Zola Nene gives Gordon Ramsay a taste of Zulu cuisine

Chef and author Zola Nene observes as British chef Gordon Ramsay tops grilled fish with ushatini, a salsa-like mix of onions and tomatoes.
Chef and author Zola Nene observes as British chef Gordon Ramsay tops grilled fish with ushatini, a salsa-like mix of onions and tomatoes.
Image: Jon Kroll

The Zulu and the British meet once again in a clash of pots, or rather in an exchange of culinary knowledge.

Bubbly award-winning cookbook author, food stylist and TV chef Zola Nene will be showcasing the best of sunny KwaZulu-Natal's cuisine to British juggernaut chef Gordon Ramsay.

Ramsay and Nene shot the season premiere for his show Gordon Ramsay: Uncharted.

It appears the chefs had a blast filming the show and Nene got to see what more there was to the man who is known and loved for his work and his fierce critique as well as high energy in the kitchen.

He is a gentle soul, according to Nene.

"It was incredible, we spent a week filming together. He's really very lovely and very tall, so he's got quite a presence about him. But he's very lovely, I think a lot of people, myself included, expected that aggressive [Gordon], you know the way that everyone sees Gordon - aggressive, really outspoken, swearing all the time, but actually he's a really gentle soul.

"He's very lovely and willing to learn; he's interested and he listens to everything you have to say. Very definitely there was swearing because I don't think it would be Gordon without any swearing, but in the loveliest way. "

The KZN-born Nene guides Ramsay through traditional Zulu fare for the season's premiere.

Gordon Ramsay points toward a sign warning about hippos.
Gordon Ramsay points toward a sign warning about hippos.
Image: Justin Mandel

"I wanted to show him a piece of Zulu culture and the type of things I grew up eating. So, he was learning a lot about the culture from me. In terms of what I learnt from him, he is an incredibly professional person; he's got this camera presence that is so admirable.

"The way that he can just off the cuff present certain segments, and just the relaxed and fun nature he has on camera and having done a lot of television myself, it was lovely to see another perspective of somebody who works on massive international productions; obviously I was able to learn a lot from him in terms of his skill sets when it comes to be in front of the camera," she says.

"It was fun to cook with a fellow chef, but also with a chef of his calibre and also, I was honoured and excited for him to learn about the basics of Zulu cuisine. The type of stuff my mom and my grandmother cooked for me. It was a really great experience."

And if you're wondering what the basics of Zulu cuisine are, Nene says that the fundamental are knowing how to cook in an open fire, in a three-legged pot and braaing.

"I showed him ujeqe...a lot of other cultures just call it idombolo. So, I wanted him to understand that ujeqe is steamed bread by itself and idombolo is cooked on top of stew or whatever. I was very excited to teach him about that. We also made pap."

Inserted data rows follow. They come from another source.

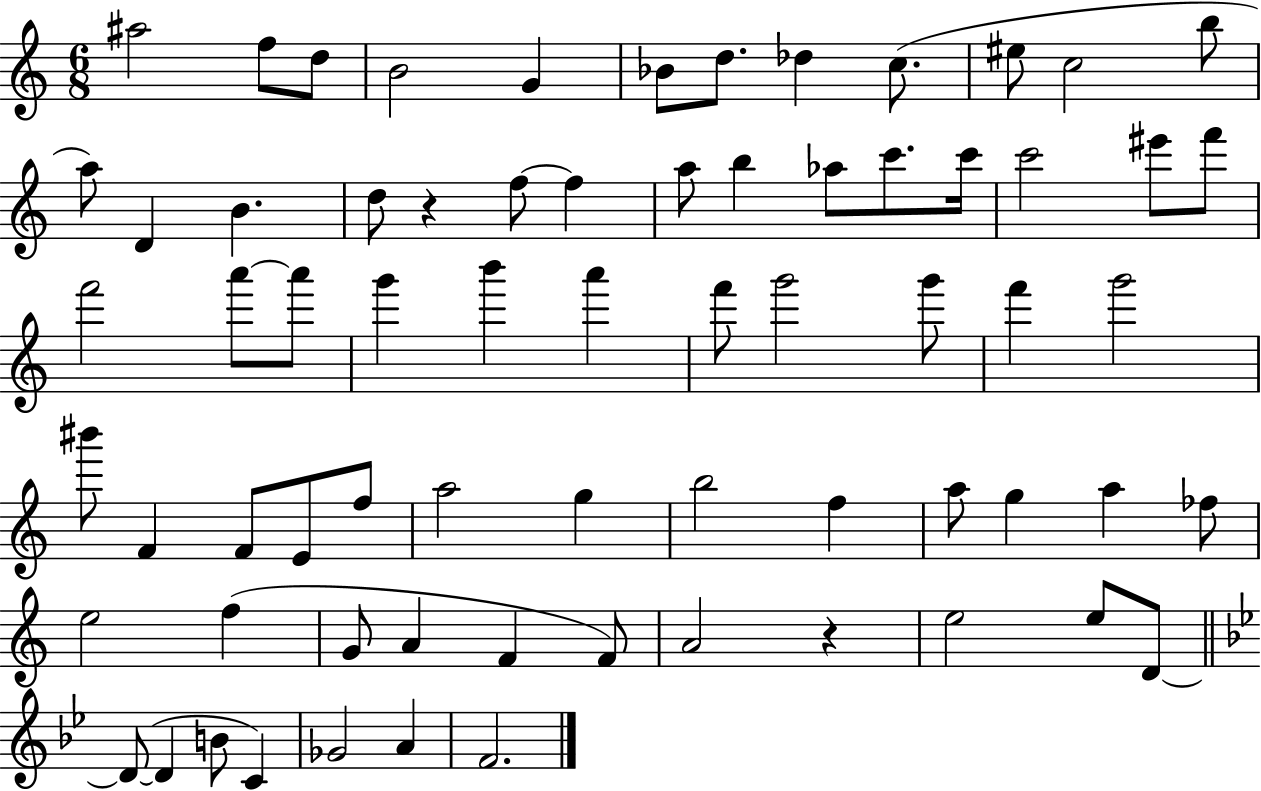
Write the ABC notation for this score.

X:1
T:Untitled
M:6/8
L:1/4
K:C
^a2 f/2 d/2 B2 G _B/2 d/2 _d c/2 ^e/2 c2 b/2 a/2 D B d/2 z f/2 f a/2 b _a/2 c'/2 c'/4 c'2 ^e'/2 f'/2 f'2 a'/2 a'/2 g' b' a' f'/2 g'2 g'/2 f' g'2 ^b'/2 F F/2 E/2 f/2 a2 g b2 f a/2 g a _f/2 e2 f G/2 A F F/2 A2 z e2 e/2 D/2 D/2 D B/2 C _G2 A F2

Nene says she then educated Ramsay about Indian influence in Zulu cuisine, and how that has made people in KZN to be great fans of hot spices and chilli. Nene had to tell him to tone it down on adding too much chilli when he heard this.

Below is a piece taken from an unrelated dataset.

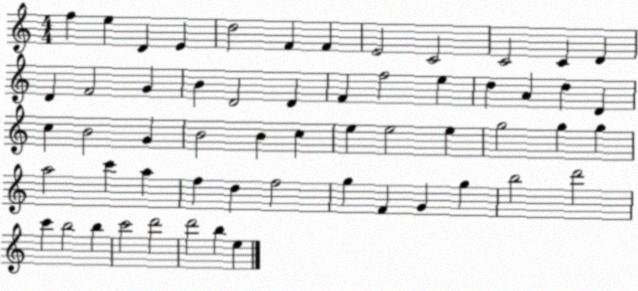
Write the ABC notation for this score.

"I wanted to stress to him that the way that Zulu people traditionally eat, we pay a lot of attention to the ingredients.

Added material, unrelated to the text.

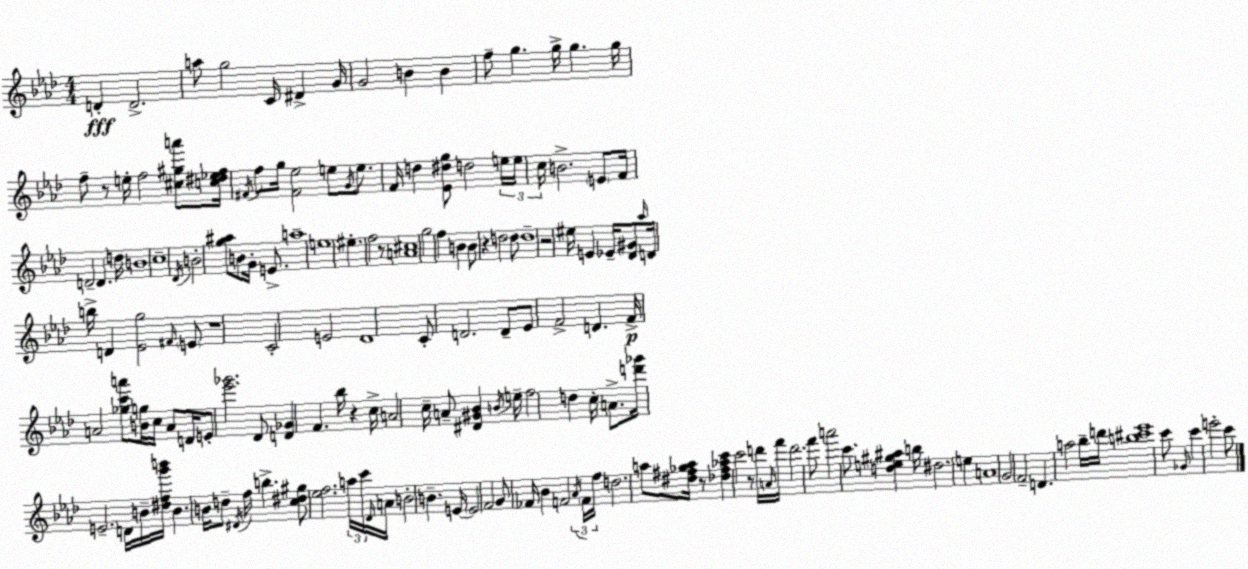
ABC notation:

"We let the ingredients speak for themselves and not overpower it with too many different flavours. Our food is plain, but it's also very wholesome and delicious and slow-cooked," she adds.

TV chef Zola Nene.
TV chef Zola Nene.
Image: Lisa Skinner

The author says demand for her book Simply Zola is high due to the Covid-19 lockdown.

Gordon Ramsay: Uncharted, is set to premiere on August 26 on National Geographic (DStv 181 and StarSat 220) 

Nene's tips on keeping warm with hearty meals 

Cut of meat -The longer and slower you cook things like oxtail, lamb shank and lamb neck and beef shin, those types of dishes will always give you a hug from the inside.

With that long slow cooking, the flavour develops and the meat falls off the bone.

These cuts are often inexpensive, so they're good for your pocket too.

Add a level of spice - not necessarily chilli spice, but aromatic spices. If you add things like garam masala to your stews and soups, or ground cumin, all those are warming spices, so they give you a sense of comfort and a slow, easy, familiar taste.

I think that is a way to transition your food into wintery flavours.

Accept our stodgy food - Nene says it's okay to eat your heavier food such as samp and beans, which is a staple in most South African homes when the weather gets colder. Everybody loves a warm bowl of samp, she says. Pap is also okay because it's comforting.